5. The Council races were mostly one-sided, but a few were real contests. City Council contests, however, generally do not bring out voters who would not vote anyway for the major candidates.
Three new members were elected from Queens: Dan Halloran in Bayside, Peter Koo in Flushing, and Eric Ulrich in Richmond Hill – Ozone Park, who had won a special election earlier this year to succeed Joe Addabbo, who became a State Senator in January. The two other Republicans are Staten Islanders: James (Old Town) Oddo, the minority leader, and Vincent (Etna) Ignizio, who were re-elected.
There are 46 Democrats on the Council, none of whom lost in the general election, although five were knocked out in the Democratic primary on September 15 ( Alan Jay Gerson of Manhattan, Maria Baez of the Bronx, Helen Sears of Queens, Kendall Stewart of Brooklyn and Ken Mitchell on Staten Island. which constitutes a revolution in New York City Council elections. Note the symmetryone incumbent lost in each of the five boroughs.
6. City-wide, voters cast 142,817 votes on the Independence Party line for Bloomberg, In 2005 his total on the Independence line was 74,655 and in 2001, his first race for mayor, his Independence total was 59,091. These figures do not derive from an increase in the popularity of Lenora Fulani, the downstate party leader. They reflect rising disillusionment with the major parties, and the desire of many voters to support Bloomberg but not to identify themselves with Republicans.
7. The Working Families candidates who lost in the Democratic primary but continued their races on the WF line were defeated by large margins.

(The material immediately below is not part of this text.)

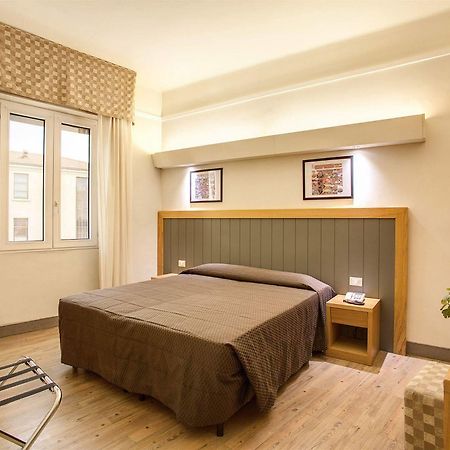 Hotel Delle Nazioni Florence Ngoại thất bức ảnh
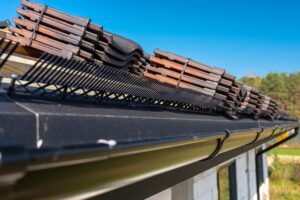 How to fix sagging roof rafters? 2 sagging roof rafters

Although the party and its paid legions had considerable influence in Democratic primaries, it was not successful in the general election when its candidates opposed two Brooklyn Democrats. Al Vann and Diana Reyna survived WF challenges. In Reyna’s case, her former mentor, county leader Vito Lopez, tried unsuccessfully twice to purge her. They had differed on capital projects
8. The Working Families Party, which supported Thompson for mayor, polled just 27,088 votes for him on their ballot line, less than one-fifth of the number that supported Bloomberg on the Independence line. This indicates that Thompson voters were more satisfied with the Democratic Party than Bloomberg voters were with Republicans. More Bloomberg voters were Democrats or independents than Republicans, judging from the vote totals in the contests for Comptroller and Public Advocate.
It will be fascinating to see what the city’s elected officials do in the face of the financial disaster which appears to be impending. Theoretically, they should work together to find solutions, but there are significant ideological differences between the three city-wide elected officials. In addition, it is possible that the other two will be running against each other to succeed Mayor Bloomberg. It is possible that they will be guided by reason. It is likely that they will compete to find the most ‘progressive’ course in any situation. It is always possible that they will act in the public interest, because in the long run that is in their own interest. They will, however, be subject to pressure from the forces that supported them in the primaries, and higher taxes and a soak-the-rich attitude will prevail, under the slogan of the counter-cliché, not balancing the budget on the backs of the poor. Each side pretends to act in the interest of the middle class, which can loosely be defined as anyone who believes s/he is in the middle class.
What will happen when the wave hits? Time will tell, it marches on, it waits for no man, and in the end it runs out. We cite Rule 11: “Let it unfold.”